Inflatables Create In-Person, Verbal, Print and Digital Buzz
When marketing a new product, what would turn people's heads as they were walking by? A 20-foot tall washer/dryer pair just might do it. How about a 15-foot high wine bottle or a 25-foot tall bag of dishwasher detergent? All are distinctive enough to capture attention right on the spot. These people magnets work equally well on adults and kids, so you get a broad spectrum of age groups. What's more, inflatables attract the press like flies to honey.
Taking a picture of a crowd of people is one thing. Publishing a picture of a crowd of people looking intently at a 10-foot tall shrimp wearing a hula skirt is another thing entirely!
But, the curiosity generation doesn't stop there. In addition to still photos, inflatables have a nifty habit of winding up on YouTube and other video-sharing websites.
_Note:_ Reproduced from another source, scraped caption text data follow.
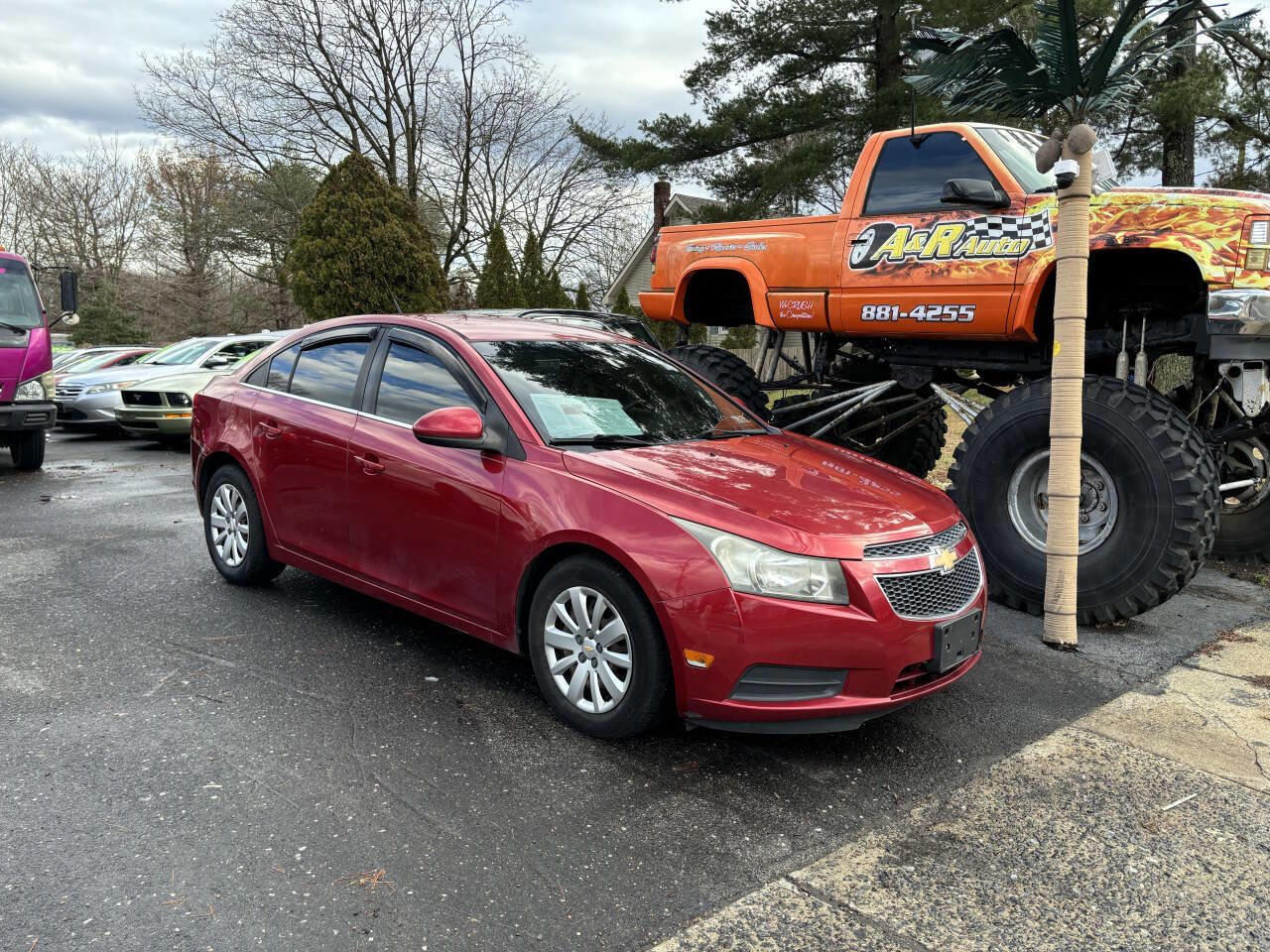 Used 2011 Chevrolet Cruze LT image 2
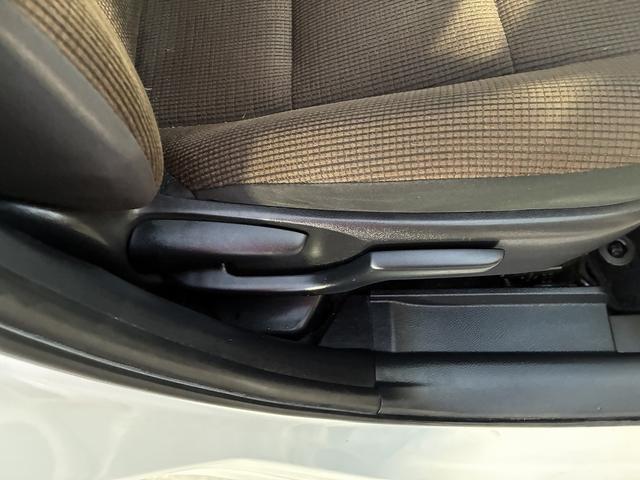 シエンタ ハイブリッドG 純正ナビ バックカメラ ETC Bluetoothオーディオ オートエアコン オートライト 衝突軽減ブレーキ フルセグテレビ オートハイビーム 両側電動スライドドア 後席モニター 電動格納ミラー(24枚目)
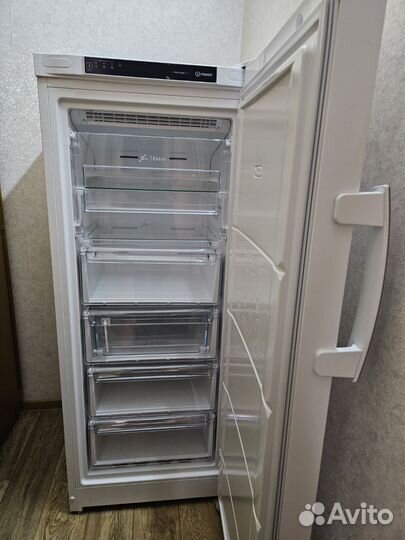 Морозильная камера Indesit бу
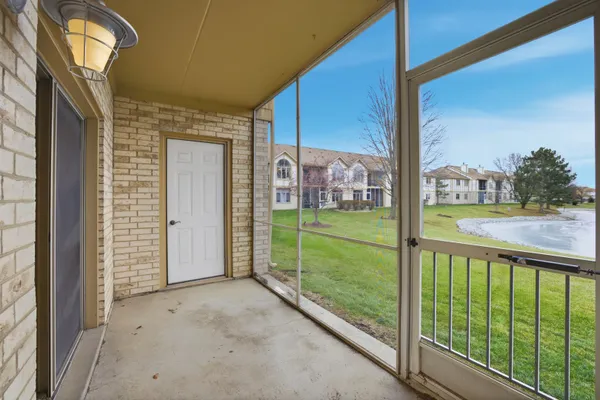 Property Slideshow image 3 of 19 | 6431 pine cone dr apt 2, Tinley Park, IL, 60477
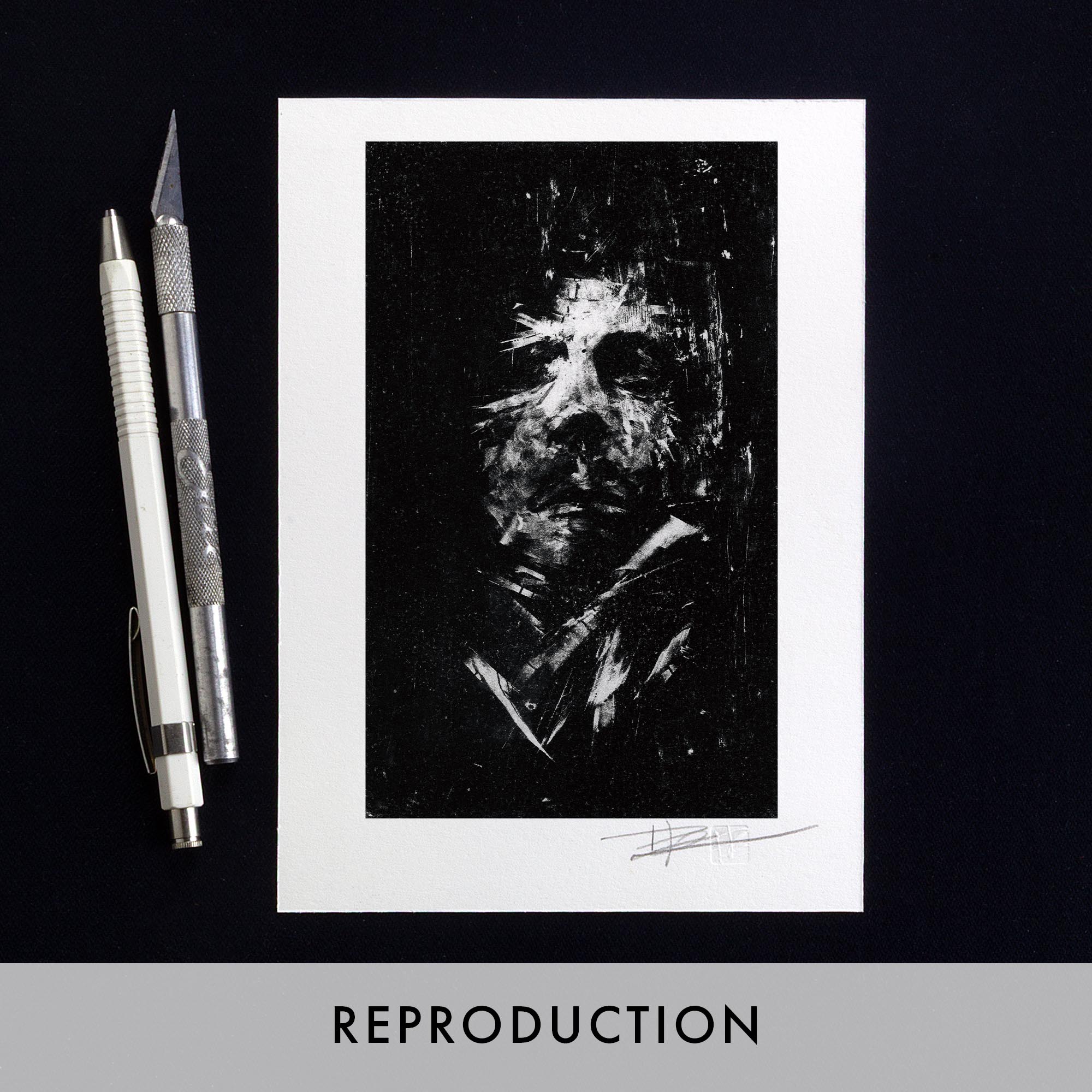 Gravure expressionniste en noir et blanc "Portrait" dans un grand cadre noir fin avec un passe-partout blanc, posée au sol sur un parquet clair contre un mur blanc.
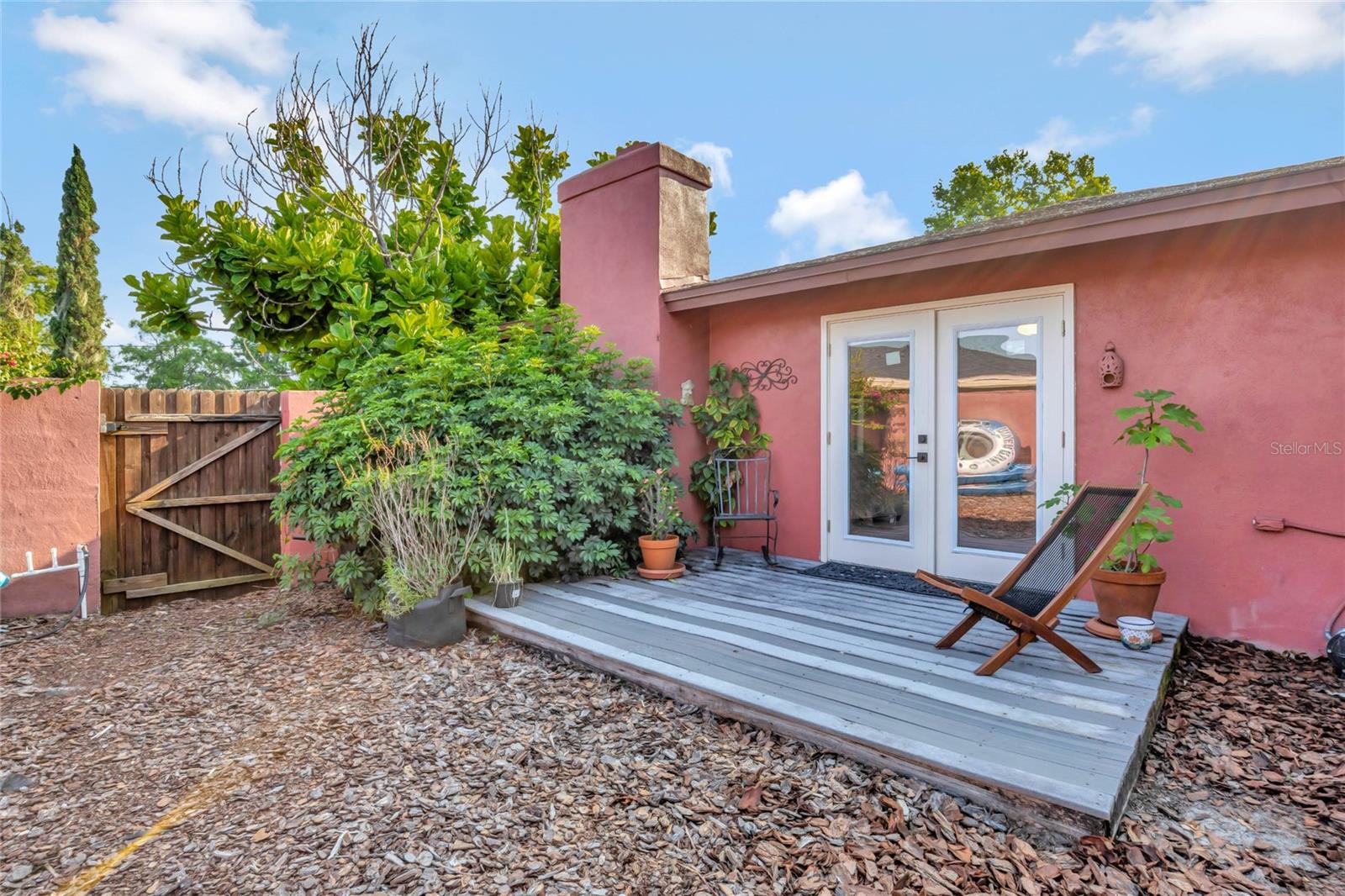 260 RIPPLING LN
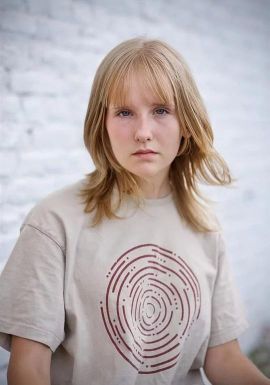 贾奈娜·哈罗伊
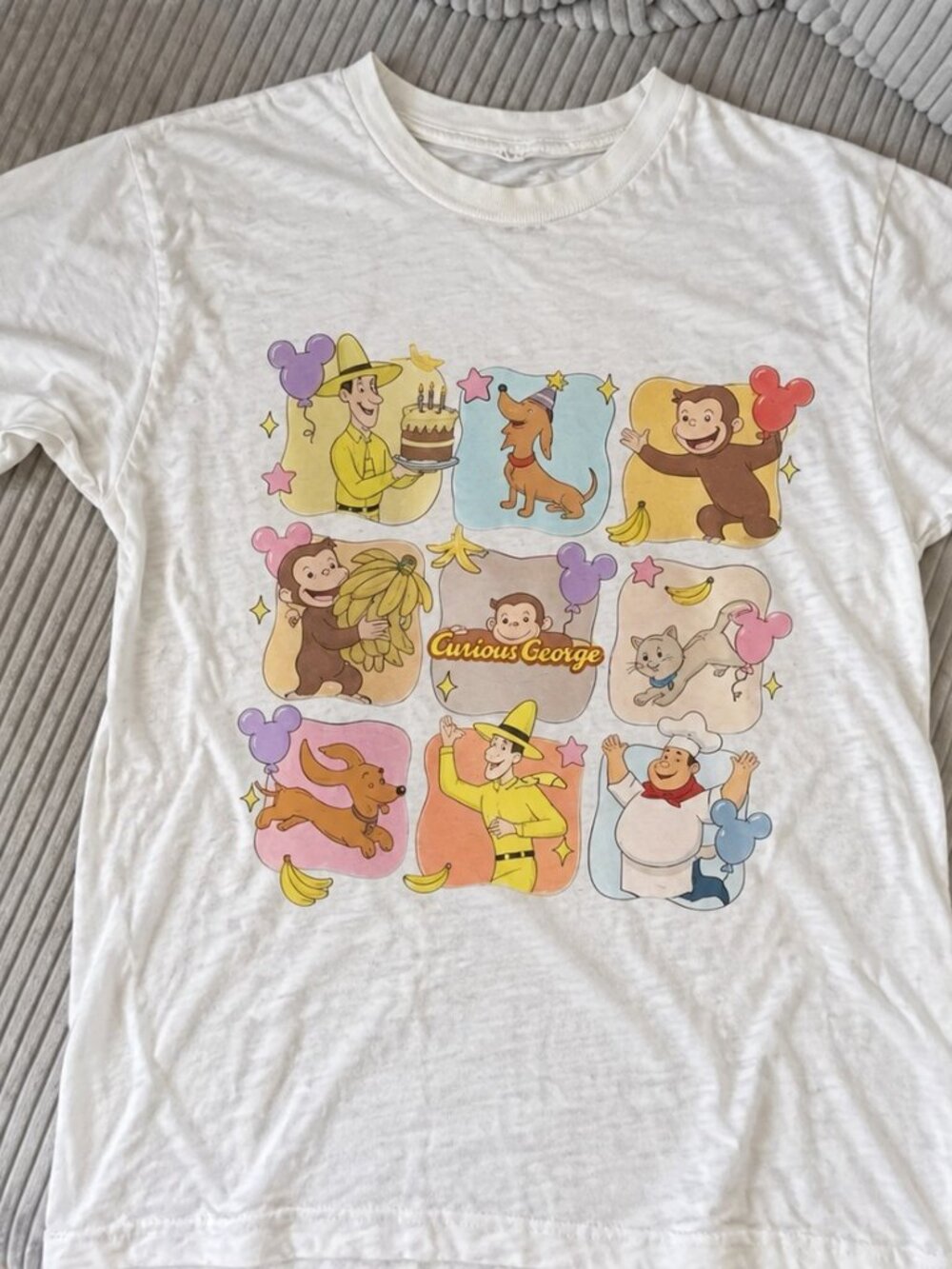 Gildan Curious George Birthday White Graphic T-Shirt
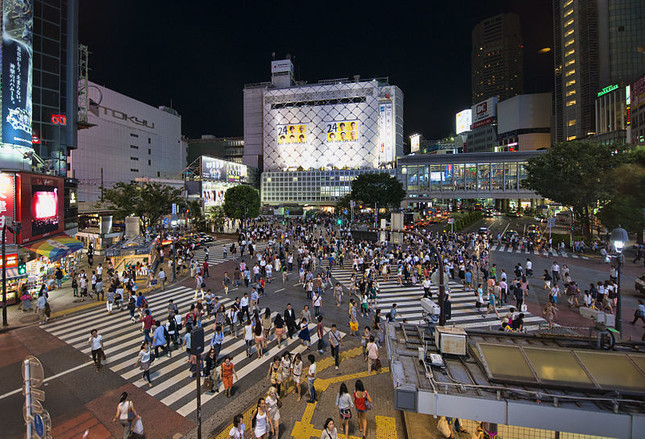 渋谷駅前のスクランブル交差点（WikimediaCommonsより、	chensiyuanさん撮影）
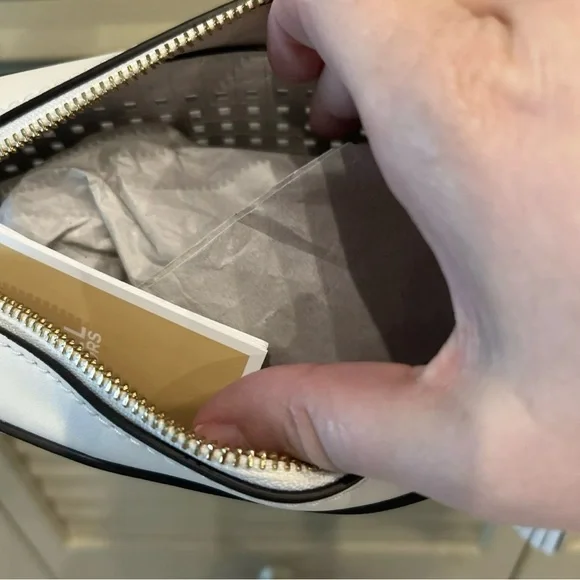 Michael Kors White Crossbody Bag - Picture 7 of 9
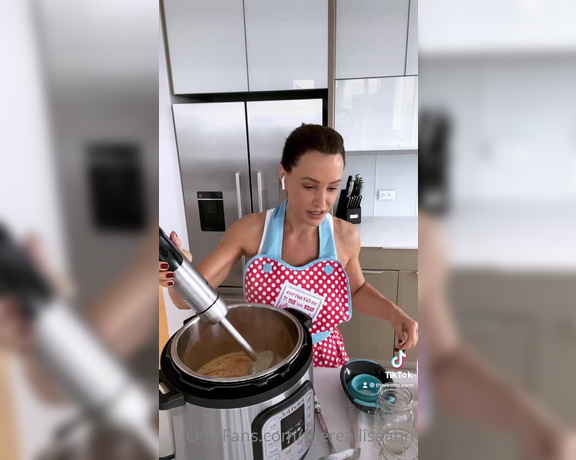 Lisa Ann Onlyfans aka Thereallisaann OnlyFans - I love to cook, just finished making some fresh carrot, ginger soup  2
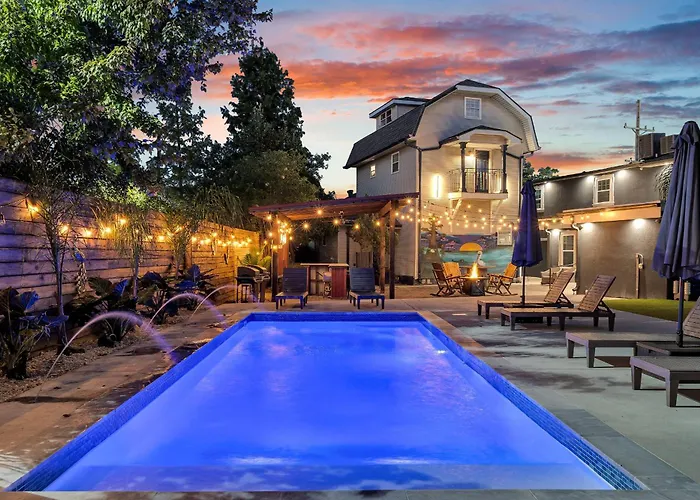 Sleeps 24-Spacious Suites Near Fq W Pool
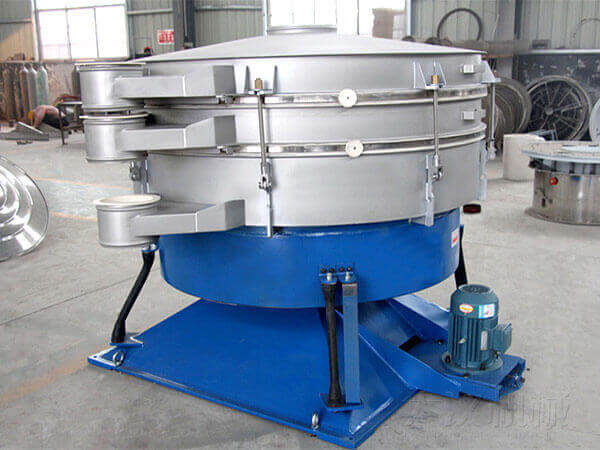 摇摆筛仿照的就是简单的筛分方式双眼双手筛分，它是目前有效的模拟了人工筛分运动的有效原理。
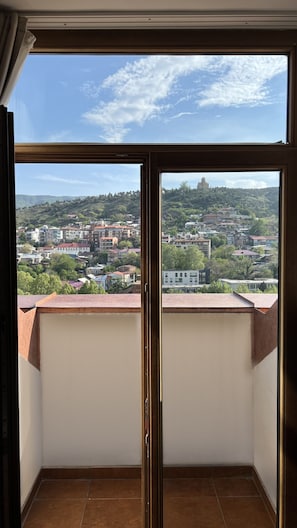 Standard-Doppelzimmer, Balkon, Stadtblick | 1 Schlafzimmer, hochwertige Bettwaren, Daunenbettdecken, Schreibtisch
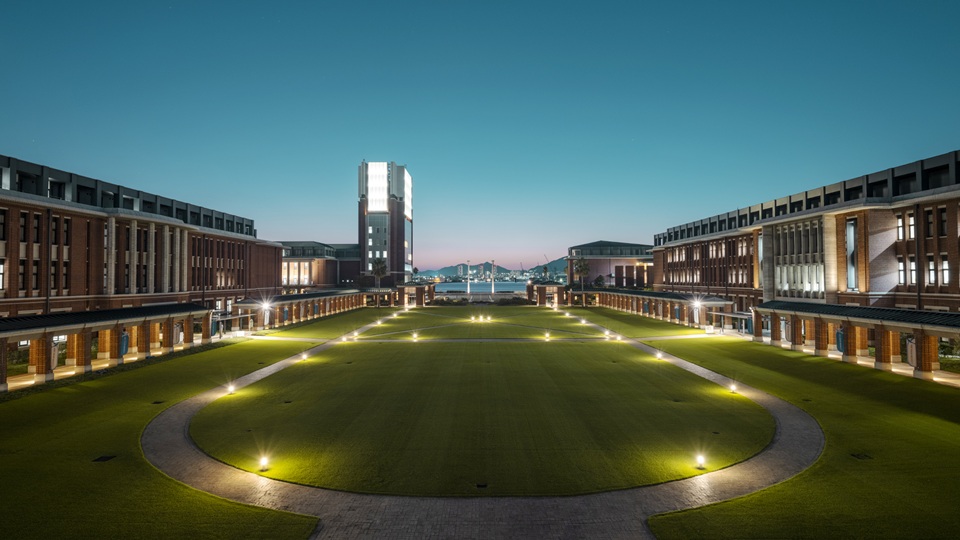 Kobe Gakuin University Campus image
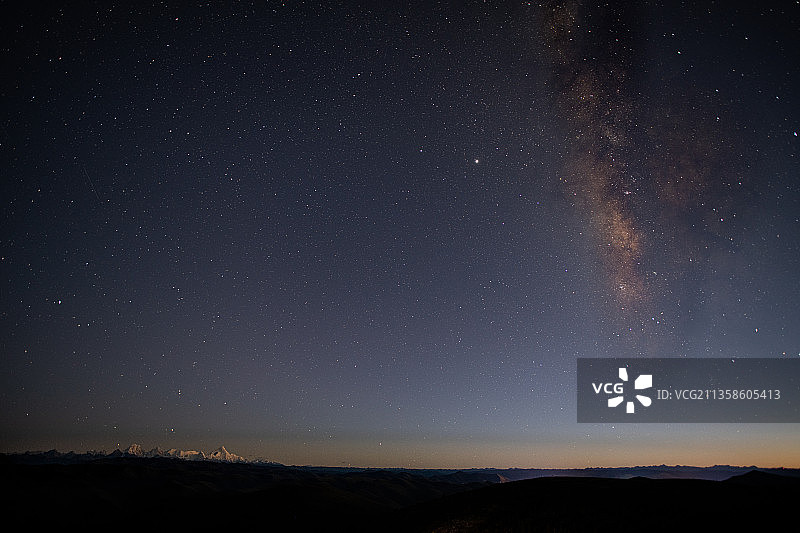 贡嘎银河图片素材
Video camera-toting individuals capture everything from Tweety Bird's rear end sticking out of a billboard in Times Square to an inflatable Hulk that appears at movie premieres. Do you hear the buzz getting louder?
Their color, size and sheer attention-grabbing capacity give any new product launch distinctiveness by association. Even if the product itself isn't something innovative or unique, marketing a new product using inflatables can lend some ingeniousness to the campaign as a whole.
Making plans now to create a little buzz for your next new product launch? Consider carefully. When you weigh the cost against the impact and the potential for buzz in its most desirable forms, inflatables get the job done every time.